Drier weather has come to Western Washington, but the effects of recent rainfall were still being felt Sunday as mudslides blocked roads and access to Mount Rainier National Park and flooding continued to affect residents in the Nisqually Delta area.
An ongoing mudslide continued to slither across Highway 706, also known as “The Road to Paradise,” at the southwest corner of Mount Rainier National Park. The road is closed to all nonemergency vehicles at milepost 10.18.
“There are hundreds of yards of debris, up to 6 feet in some places,” Washington State Department of Transportation (WSDOT) spokesperson Doug Adamson said Sunday afternoon. “It’s a very active slide — you can see it, you can hear it and large rocks are falling off the hillside.”

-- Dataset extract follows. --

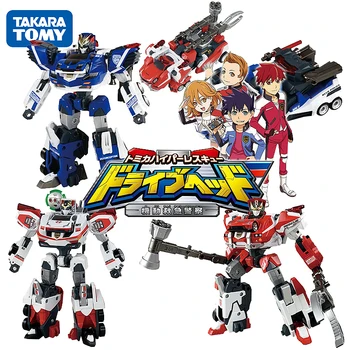 

Takara Tomy Transformation Robot Car Japan Anime DRIVE HEAD Fire Truck Police Rescue Bulldozer Crane Boy Children Toys Gift
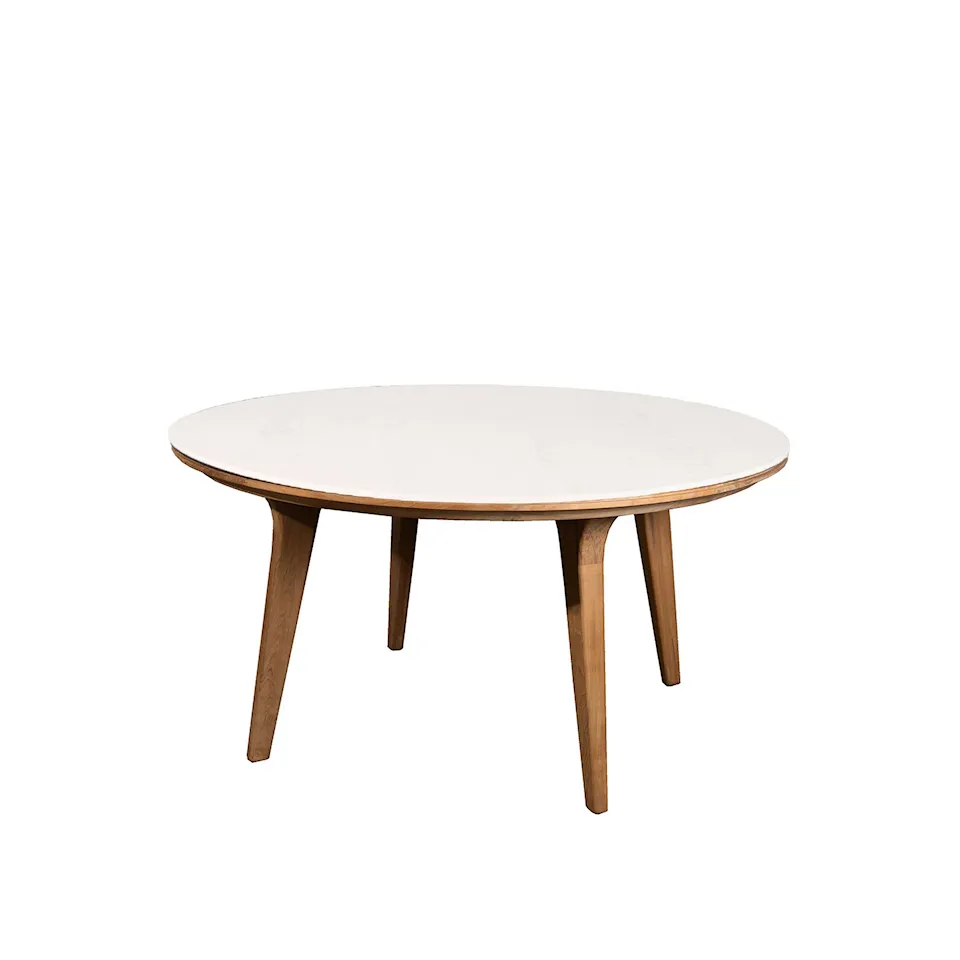 Aspect Dining Table Round, Travertin Look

WSDOT geotechnical engineers reported a very unstable slope above the highway, which closed Thursday, making conditions too dangerous to clear until further notice. “It’s not something where we can just go in and scrape off the roadway,” Adamson said. “We know this is a popular route into the park, but if anyone crosses those areas, they are putting themselves in undue danger. Life safety is paramount.”
All three wintertime entrances to the park are closed until further notice. “We’ve had mudslides and flooding at all major access points,” National Park Service spokesperson Terry Wildy said. “Things are still being assessed.”
The park was evacuated on Friday. “We’re trying to maintain emergency access in and out of the park for essential staff,” Wildy said, “and for our Ashford residents who’ve been cut off by the landslide.” (The small community of Ashford lies along Highway 706, near the park’s Nisqually entrance.)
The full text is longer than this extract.